#### [What this task involves]
Exclude the pictures. Transcribe, exactly as written, the lines from the one with "You know what" through the end of the entries below.

Dataset entries:
'''
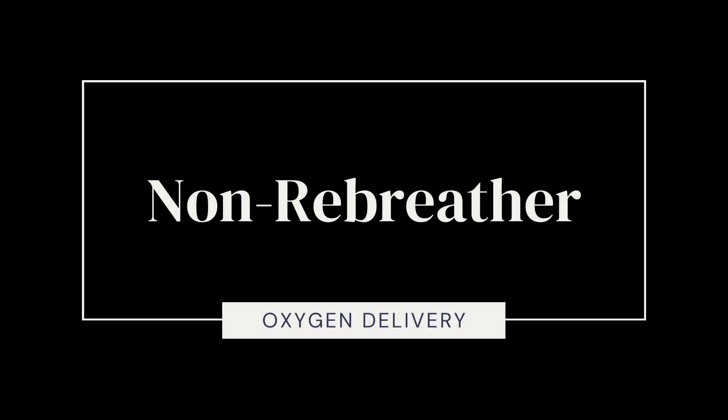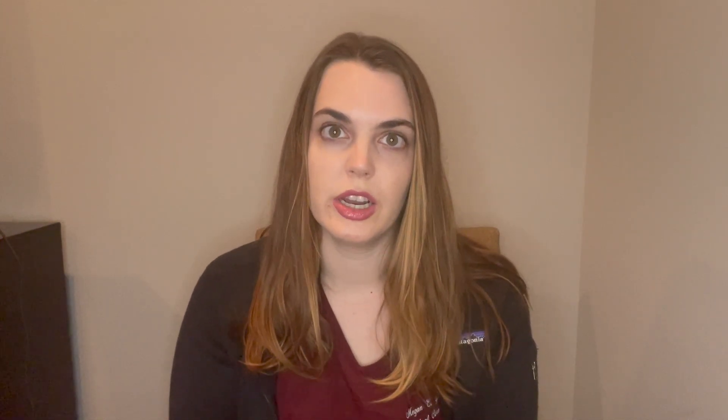In an acute situation where somebody's starting to feel short of breath — you may see this with EMS bringing somebody in, in the ED, or on the floor — they'll put on what's called a non-rebreather. This is a mask that delivers oxygen and also has a bag attached to it with a valve. That prevents the patient from breathing back in the carbon dioxide they're breathing out, which is why it's called a non-rebreather. It usually goes up to 15 liters as well.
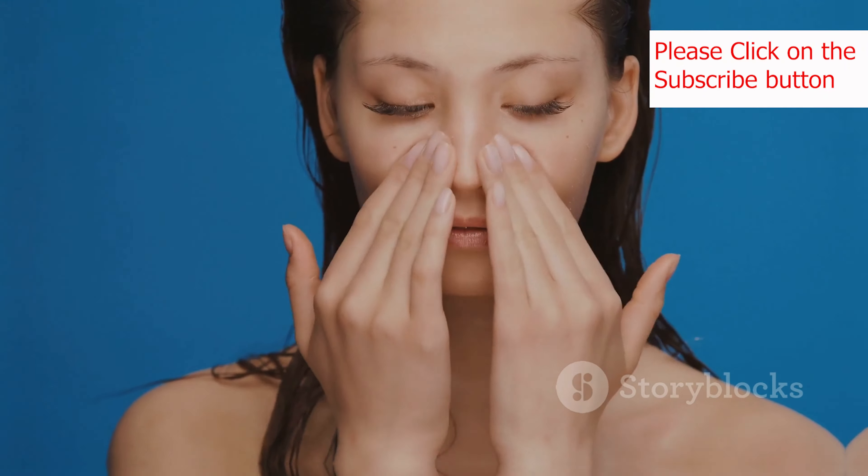So there you have it: 10 essential beauty tips plus a bonus tip to help you achieve that radiant, glowing skin you've always wanted. Remember, consistency is key when it comes to skincare. Incorporate these tips into your daily routine and be patient with the process — your skin will thank you for it. Don't forget to like, subscribe, and hit the notification bell for more skincare tips and tricks. Stay hydrated and take care of your skin. See you next time.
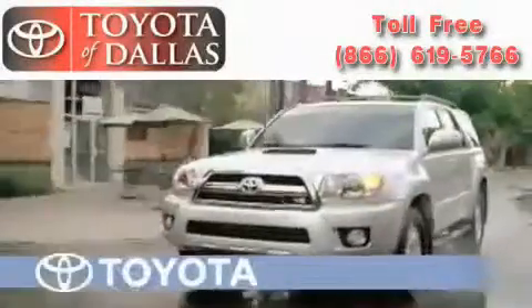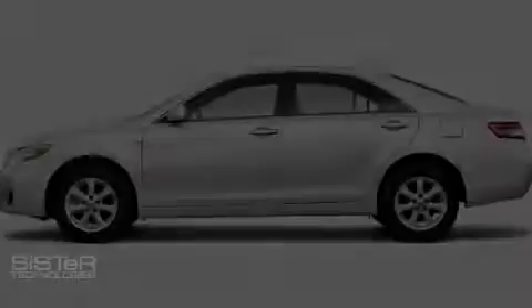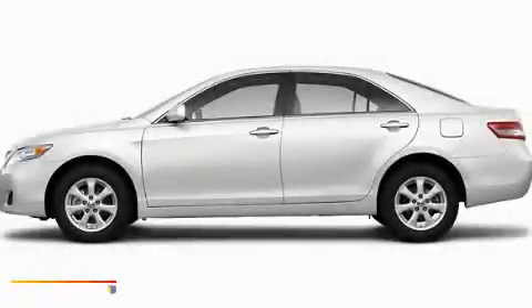Another fine vehicle offered by Toyota of Dallas. This is a brand new 2011 Toyota Camry.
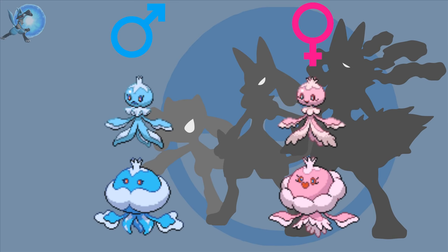Frillish and Jellicent — to be honest, I have no idea what the differences are. The colours look the same, the tentacles look the same, the eyelashes, even the shiny forms — they all look the same to me. Like, no one's gonna tell the difference between these two. Almost as bad as Torchic if you ask me.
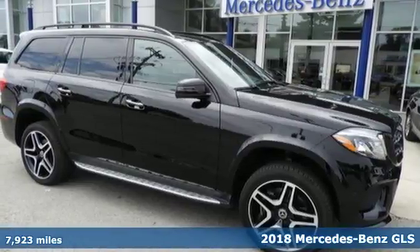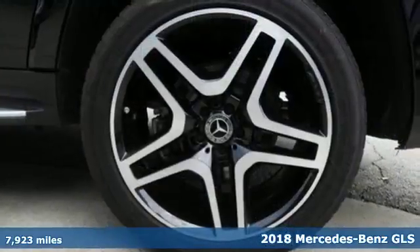Here's a 2018 Mercedes-Benz GLS. Get the best, get Mercedes-Benz.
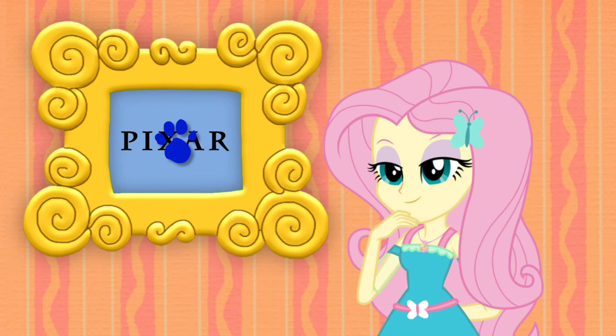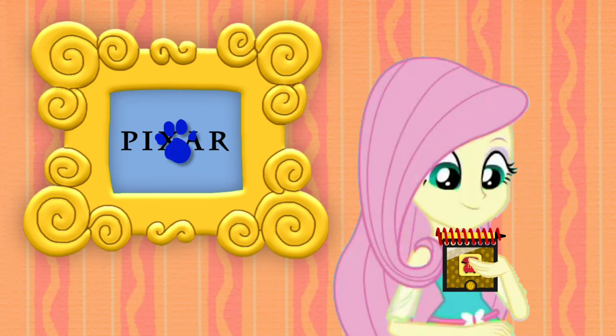You know what we need? Our handy-dandy notebook! Okay, so a Pixar logo.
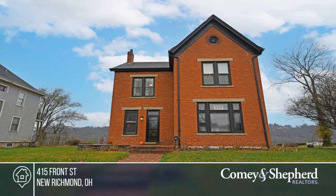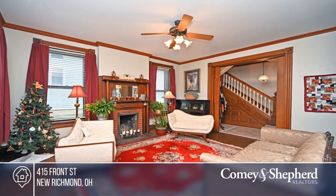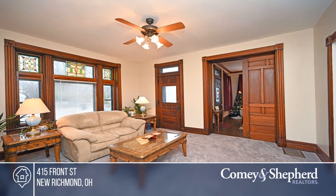Step back in time and enjoy the serenity of living in a riverfront home with panoramic views of the Ohio River. The home offers views from three of the rooms and a rooftop deck at the rear.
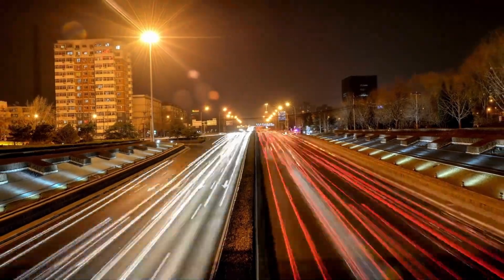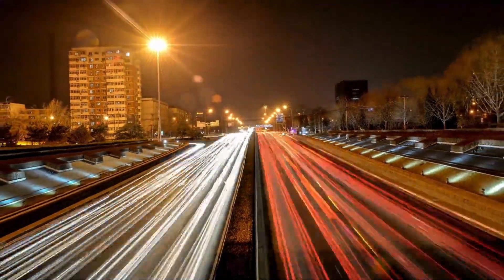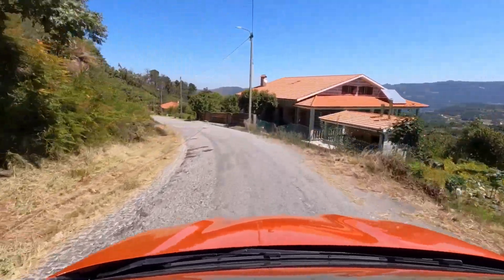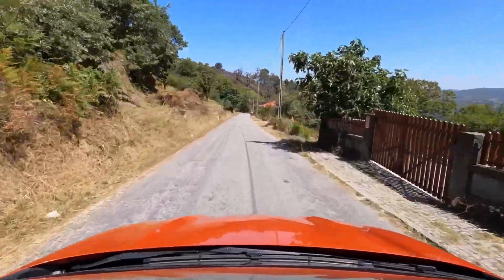The Audi e-tron is a luxury electric SUV equipped with a 95 kilowatt hour battery, giving it a range of approximately 222 miles or 358 kilometers.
'''
#### [Exercise response]
You know what we need? Our handy-dandy notebook! Okay, so a Pixar logo.
Step back in time and enjoy the serenity of living in a riverfront home with panoramic views of the Ohio River. The home offers views from three of the rooms and a rooftop deck at the rear.
The Audi e-tron is a luxury electric SUV equipped with a 95 kilowatt hour battery, giving it a range of approximately 222 miles or 358 kilometers.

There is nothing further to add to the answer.